Much of the benefit of globalization and market liberalization, which have hefted global living standards immensely, will be reversed because the benefits were badly distributed and horribly communicated. That is the fuel that powers populists. It will go on doing so.



For investors, it was the growth in productivity, disinflation and profits that yielded immense wealth gains. Have no doubt. These are not on hold. They are going into reverse.

For Italy and the eurozone, the consequences are more immediate and dire. In Italy, prime minister Matteo Renzi has resigned and been replaced by a caretaker government that will try to bolster Italy’s failing banks and find some formula for holding new elections.

But business will not be as usual in Italy, even under a hodge-podge coalition, which will endeavour to keep the opposition Five Star Movement out of power and is quite likely to fail in doing so.

Anyone who wants to invest in an Italian bank in these circumstances needs his head examined. Who will borrow from the banks to undertake productive investment in an Italian economy in an even worse condition than its woeful condition over the last decade? How else are the banks to retrieve their monumental bad debts from corporations or make any money on new loans?

Eventually, the banking recaps will fail. The crisis will run from the banks to the state and from the state to sovereign debt. Italian sovereign yields will move towards 3%, making Italy’s sovereign debt burden of 130% of GDP unsustainable. After all, falling yields have contributed a 1.4% of GDP annual boost to Italian public finances. Now the reverse will happen.

The European Central Bank (ECB) will step in to prevent chaos, but that can only be a smoothing operation.

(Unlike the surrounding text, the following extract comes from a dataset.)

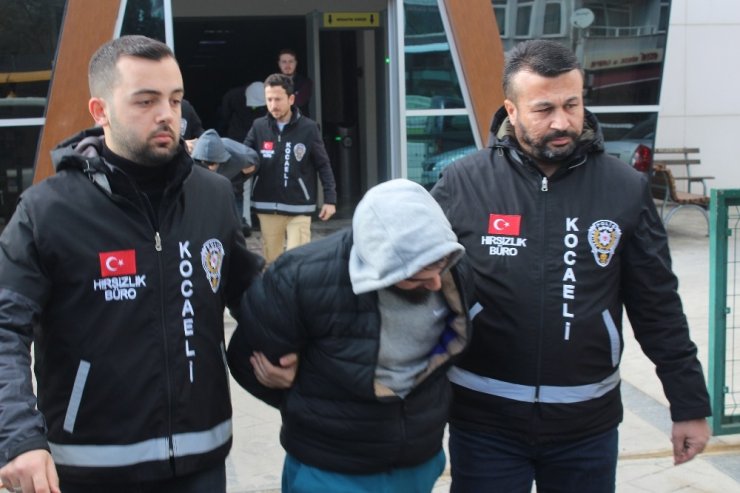 İki evden 45 bin TL’lik vurgun yapan 3 şahıstan 2’si tutuklandı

The ECB has no licence to lend support to Italy without it being compliant with an EU programme and if its financial market woes are not of its own making – which these most certainly will be.

And there will be no Italian government capable of committing to an EU (or EU + IMF) austerity programme. This vote is a populist uprising against austerity, even when austerity is about sensible reforms.

The Germans can’t help because Merkel faces elections next year and bailing out Italy would empower the Eurosceptic AfD party immensely. Worryingly for Germans, all this is happening when liabilities of banks in the periphery of the eurozone are already close to their peak.

Sapping confidence

Italy’s vote will empower other populist votes in Europe and elsewhere. It is so powerfully anti-reform that it saps confidence that François Fillon, the centre-right candidate, an advocate of market reform and a downsizing of the French state, will be a walk-over against Marine Le Pen in the French presidential elections next summer. That is now once again a wide-open bet.

The real concern is that gains from an integrated Europe will cease. Populism will make even the incumbent elites grab back more power from the EU to the inefficient nation states. They have been doing so consistently since 2007.

The same will be happening globally. Nation states allocate resources sub-optimally compared to globalization. The result of higher inflation and interest rates plus lower productivity reduces the present value of diminished streams of future profits. Current equity valuations reflect none of this.

Of course, the eurozone is not the only moving part in the global populist jigsaw. If Trump takes extreme actions on trade and immigration or his fiscal plans are watered down into relative insignificance, the US dollar will crest and fall. But that’s down the road.

Perversely, I think that the UK will be a short-term beneficiary of this crisis. It will strengthen the support for Brexit, making Theresa May’s job easier. The UK’s yawning external deficits will be easier to finance for a while until Brexit negotiations start in earnest and rising inflation, due to the pound’s devaluation, starts to eat into domestic real income. But that won’t happen until around next May.

In the meantime, eurozone shenanigans will mean fewer corporations will abandon the UK ship.